[Opening AVAILABLE DATA section]

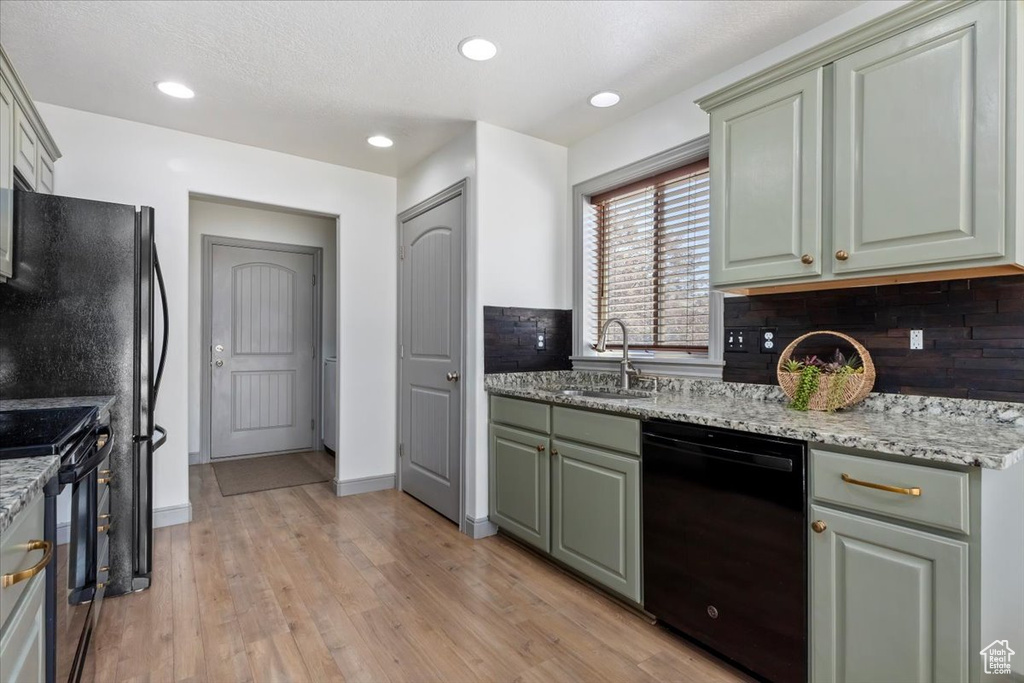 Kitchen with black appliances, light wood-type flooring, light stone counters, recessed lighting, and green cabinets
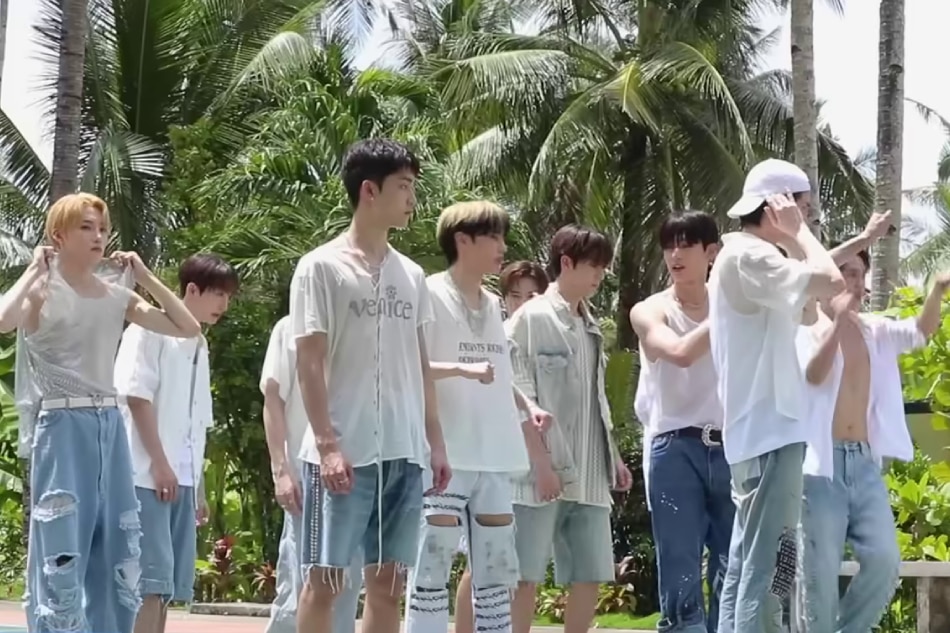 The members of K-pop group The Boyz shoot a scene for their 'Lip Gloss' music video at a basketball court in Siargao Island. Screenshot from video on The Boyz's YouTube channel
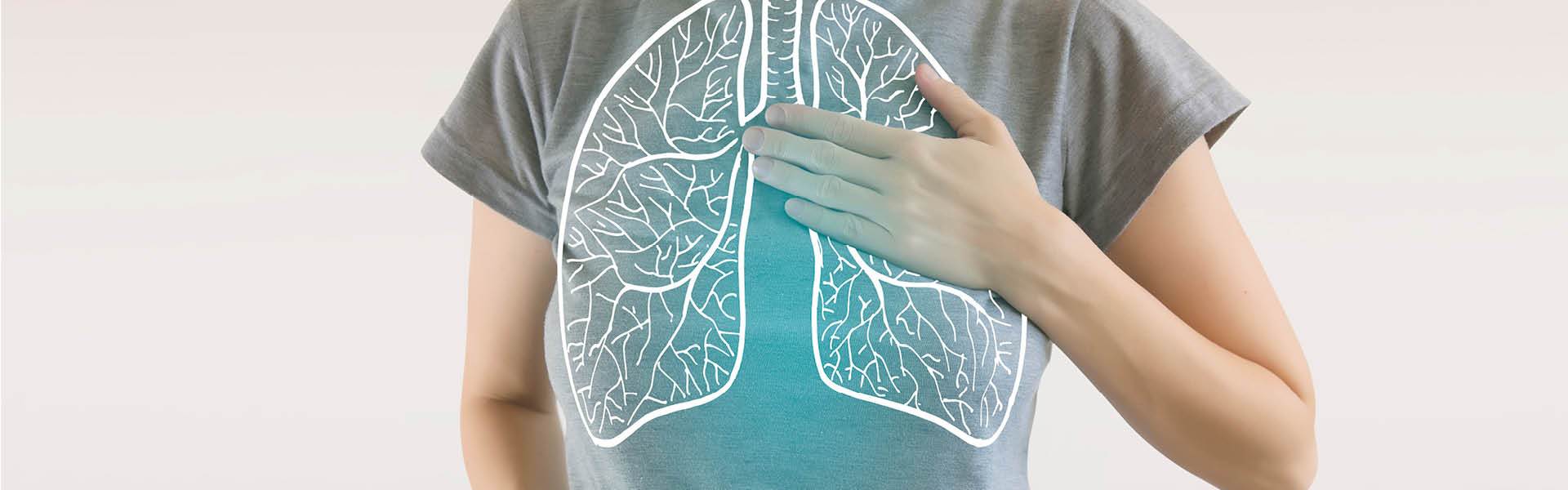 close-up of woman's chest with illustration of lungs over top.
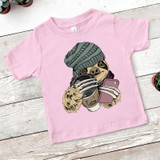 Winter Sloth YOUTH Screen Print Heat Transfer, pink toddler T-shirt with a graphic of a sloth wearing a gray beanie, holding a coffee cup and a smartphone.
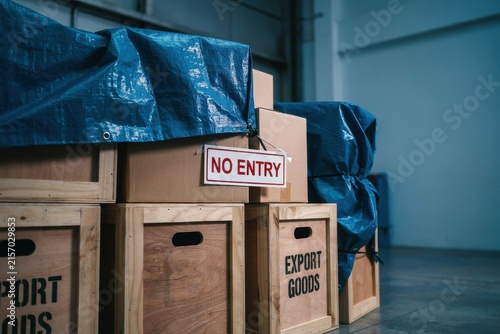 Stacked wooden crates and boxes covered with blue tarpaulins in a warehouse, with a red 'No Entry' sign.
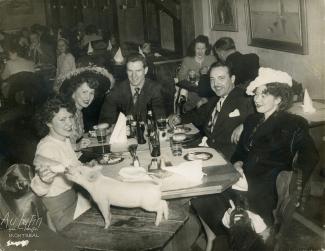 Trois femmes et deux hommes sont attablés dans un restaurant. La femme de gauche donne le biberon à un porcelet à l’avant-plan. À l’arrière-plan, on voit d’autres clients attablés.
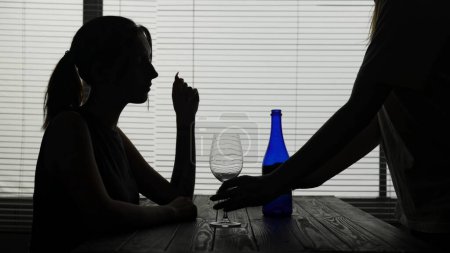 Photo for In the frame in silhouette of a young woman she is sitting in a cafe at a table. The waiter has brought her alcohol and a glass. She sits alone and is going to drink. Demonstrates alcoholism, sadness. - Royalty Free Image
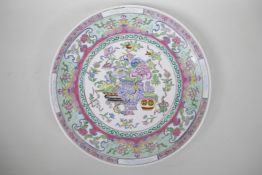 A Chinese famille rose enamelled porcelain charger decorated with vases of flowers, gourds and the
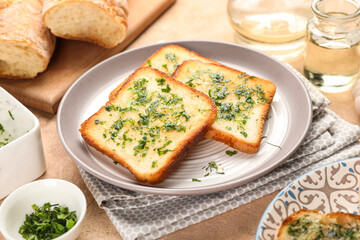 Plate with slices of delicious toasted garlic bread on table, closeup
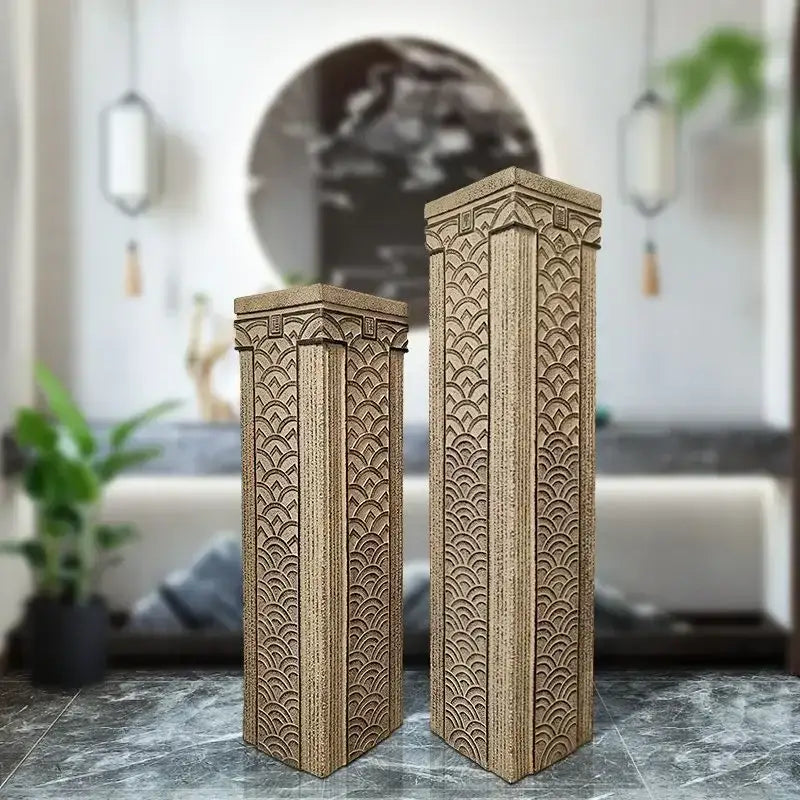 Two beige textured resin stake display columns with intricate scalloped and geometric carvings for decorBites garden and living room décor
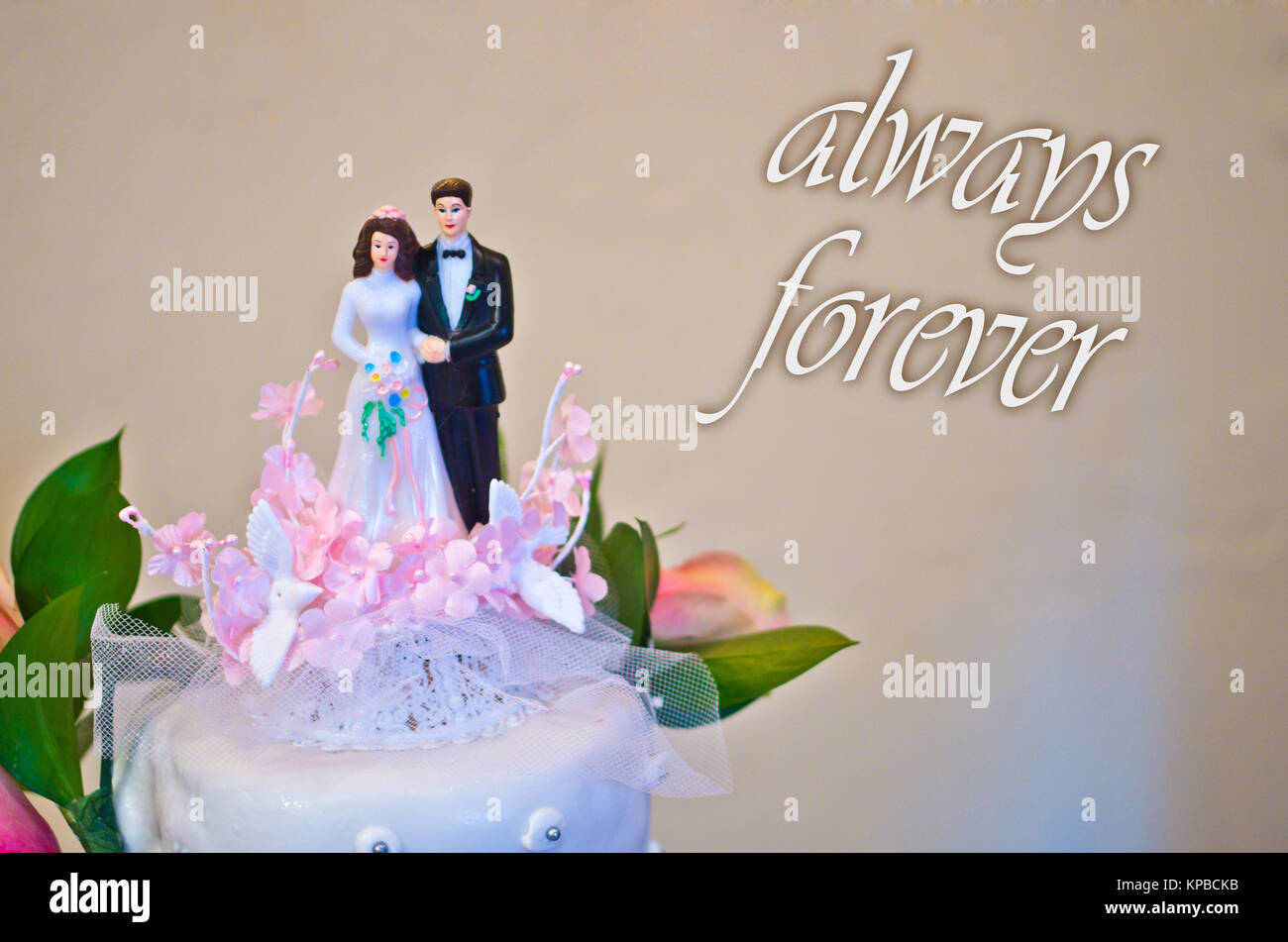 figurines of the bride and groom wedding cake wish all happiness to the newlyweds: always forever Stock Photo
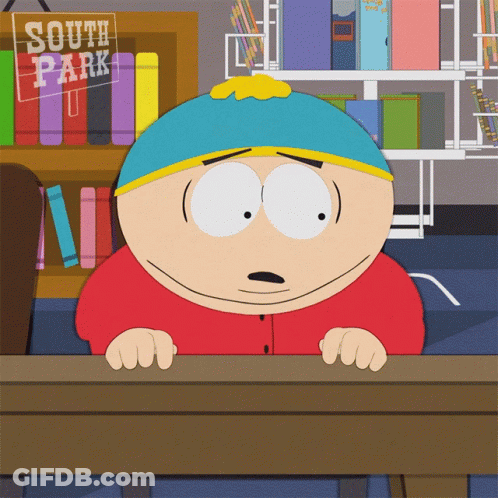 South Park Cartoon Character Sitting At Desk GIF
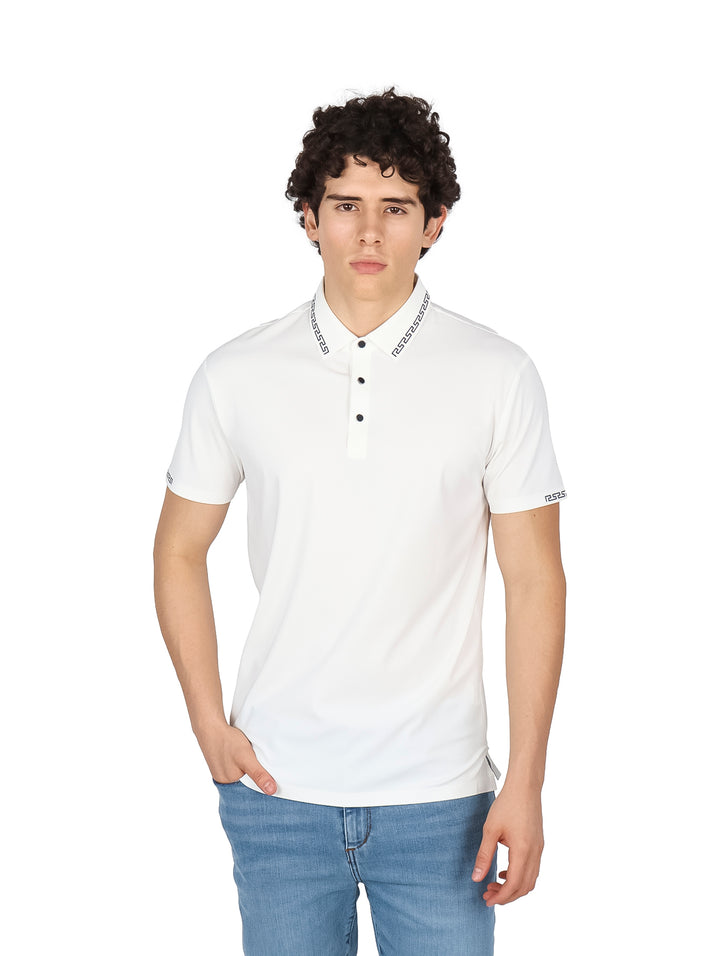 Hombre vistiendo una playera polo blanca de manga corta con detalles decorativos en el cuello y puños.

[Closing AVAILABLE DATA section]

**WHAT YOU ARE ASKED TO DO**
Copy exactly, and copy nothing else: the lines from the one containing "Trois femmes et" through the end of the data, both ends included, with pictures left out.

**REPLY TO THE EXERCISE**
 Trois femmes et deux hommes sont attablés dans un restaurant. La femme de gauche donne le biberon à un porcelet à l’avant-plan. À l’arrière-plan, on voit d’autres clients attablés.
 Photo for In the frame in silhouette of a young woman she is sitting in a cafe at a table. The waiter has brought her alcohol and a glass. She sits alone and is going to drink. Demonstrates alcoholism, sadness. - Royalty Free Image
 A Chinese famille rose enamelled porcelain charger decorated with vases of flowers, gourds and the
 Plate with slices of delicious toasted garlic bread on table, closeup
 Two beige textured resin stake display columns with intricate scalloped and geometric carvings for decorBites garden and living room décor
 figurines of the bride and groom wedding cake wish all happiness to the newlyweds: always forever Stock Photo
 South Park Cartoon Character Sitting At Desk GIF
 Hombre vistiendo una playera polo blanca de manga corta con detalles decorativos en el cuello y puños.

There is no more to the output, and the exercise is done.